**Input data:**
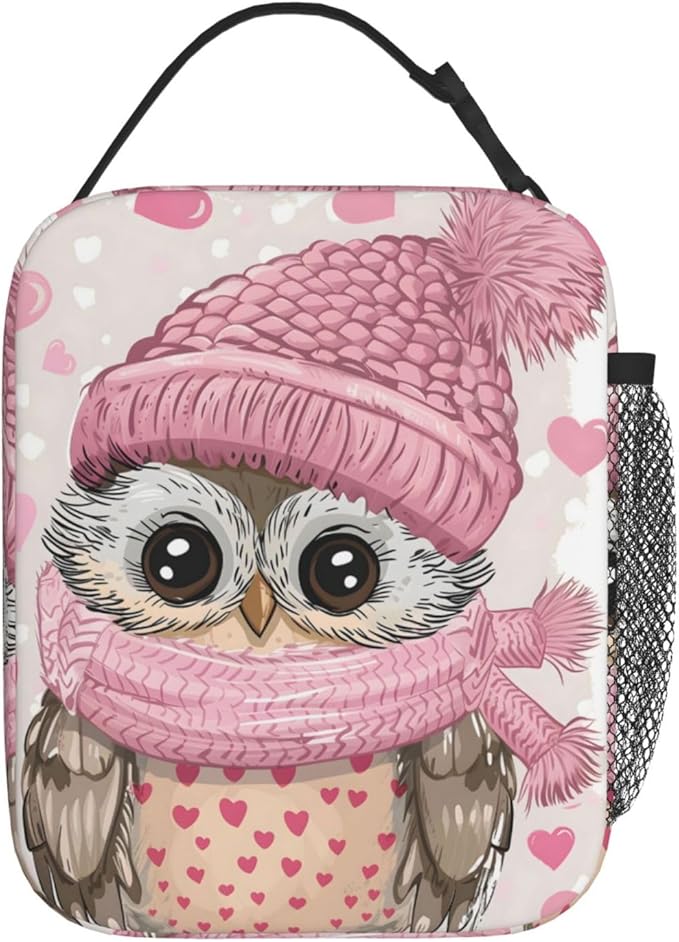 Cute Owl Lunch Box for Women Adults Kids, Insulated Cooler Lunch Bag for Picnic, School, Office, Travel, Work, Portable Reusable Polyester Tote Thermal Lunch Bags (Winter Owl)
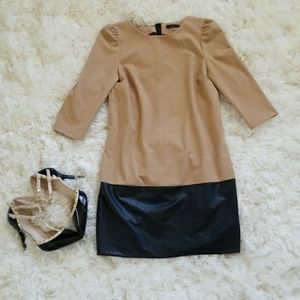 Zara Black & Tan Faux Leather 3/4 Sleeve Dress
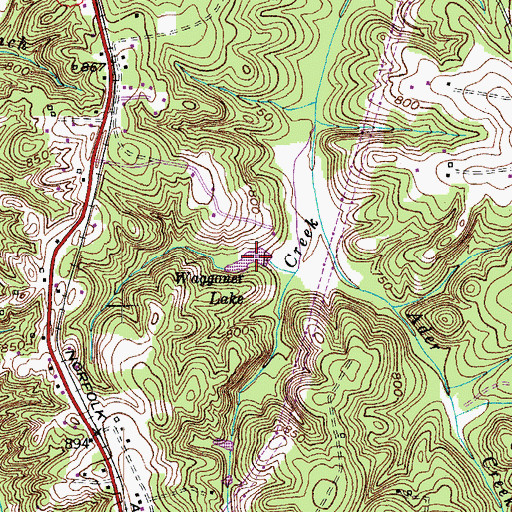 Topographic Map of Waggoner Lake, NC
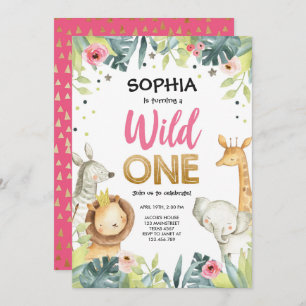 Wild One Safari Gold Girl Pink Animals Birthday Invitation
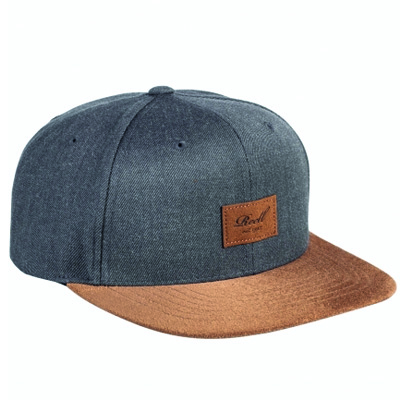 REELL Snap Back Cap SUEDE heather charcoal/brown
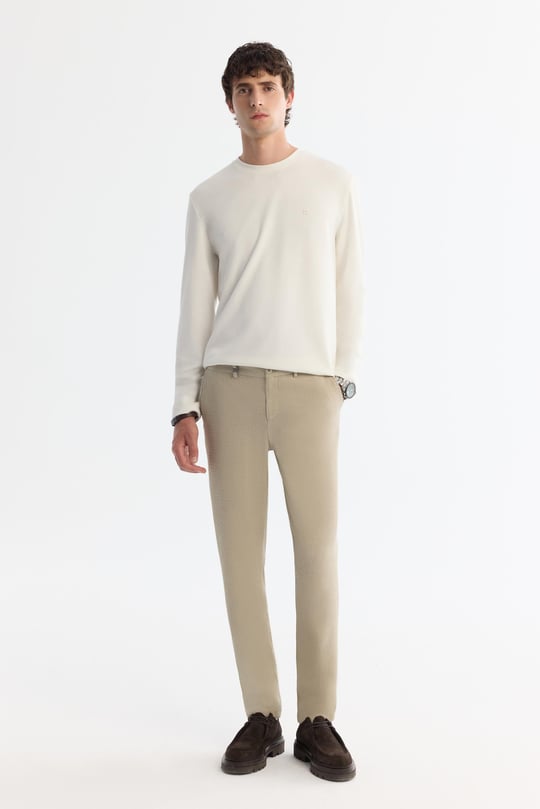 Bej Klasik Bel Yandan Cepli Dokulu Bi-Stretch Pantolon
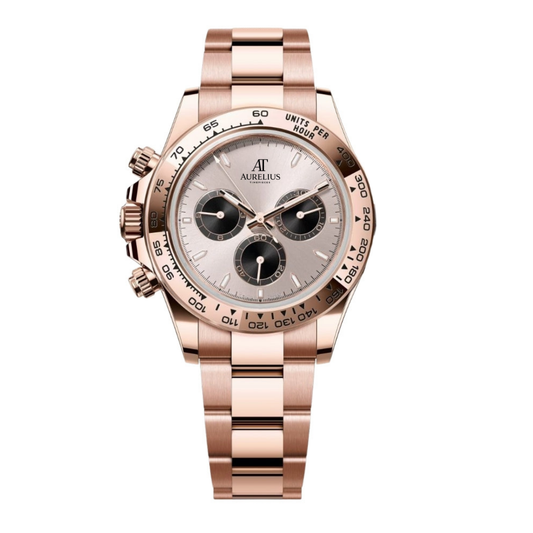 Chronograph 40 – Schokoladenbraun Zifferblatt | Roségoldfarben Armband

**Task directions:** Could you retype exactly the lines running from the one with "Topographic Map of Waggoner Lake, NC" to the end of the material above, pictures omitted?

**Task result:**
 Topographic Map of Waggoner Lake, NC
 Wild One Safari Gold Girl Pink Animals Birthday Invitation
 REELL Snap Back Cap SUEDE heather charcoal/brown
 Bej Klasik Bel Yandan Cepli Dokulu Bi-Stretch Pantolon
 Chronograph 40 – Schokoladenbraun Zifferblatt | Roségoldfarben Armband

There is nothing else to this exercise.